The importance of types of information for making decisions to use biosimilar products (n = 206).
| Statement | Important/Extremely Important | Selected as Being in the Three Most Important Statements |
|---|---|---|
| Studies that provide clinical immunogenicity data for the biosimilar and reference product | 97% | 42% |
| Studies that directly compare clinical efficacy and safety between reference products and biosimilars | 96% | 68% |
| Studies that show pharmacokinetic similarities between reference products and biosimilars | 96% | 30% |
| Inclusion in international and Russian clinical practice guidelines and standards of treatment | 95% | 55% |
| Studies that show chemical/physical similarities between reference products and biosimilars | 89% | 24% |
| Studies that compare activity with in vitro functional assays between reference products and biosimilars | 87% | 21% |
| Acquisition cost differences | 78% | 31% |
| Colleague and expert opinion | 78% | 8% |
| Payer decisions and requirements | 69% | 21% |
Data were extracted from question 10 of the questionnaire (see Survey Questionnaire 1).
The importance of issues related to biosimilars in professional environments (n = 206).

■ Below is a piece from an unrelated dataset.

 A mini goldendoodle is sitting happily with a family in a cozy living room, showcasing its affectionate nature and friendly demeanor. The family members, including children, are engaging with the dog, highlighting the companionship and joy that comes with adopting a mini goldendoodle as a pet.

| Statement | Important/Extremely Important | Selected as Being in the Three Most Important Statements |
|---|---|---|
| Tracking safety events with biosimilars | 99% | 49% |
| Access to information on studies comparing biosimilars with reference biologics | 96% | 54% |
| Establish reasonable and scientifically justified approach to interchangeability and automatic substitution | 93% | 53% |
| Physician authority to decide on the most suitable biologic for each patient | 89% | 47% |
| Knowledge about biosimilars among interdisciplinary colleagues | 86% | 24% |
| Preparing (educating about biosimilars, which includes patients) to integrate biosimilars into clinical practice | 84% | 18% |
| Switching between reference biologics and biosimilars | 74% | 19% |
| Naming conventions for biosimilars (unique vs. same non-proprietary names) | 74% | 16% |
| Tender policy with preference for Russian manufacturers | 54% | 19% |
Data were extracted from question 11 of the questionnaire (see Survey Questionnaire 1).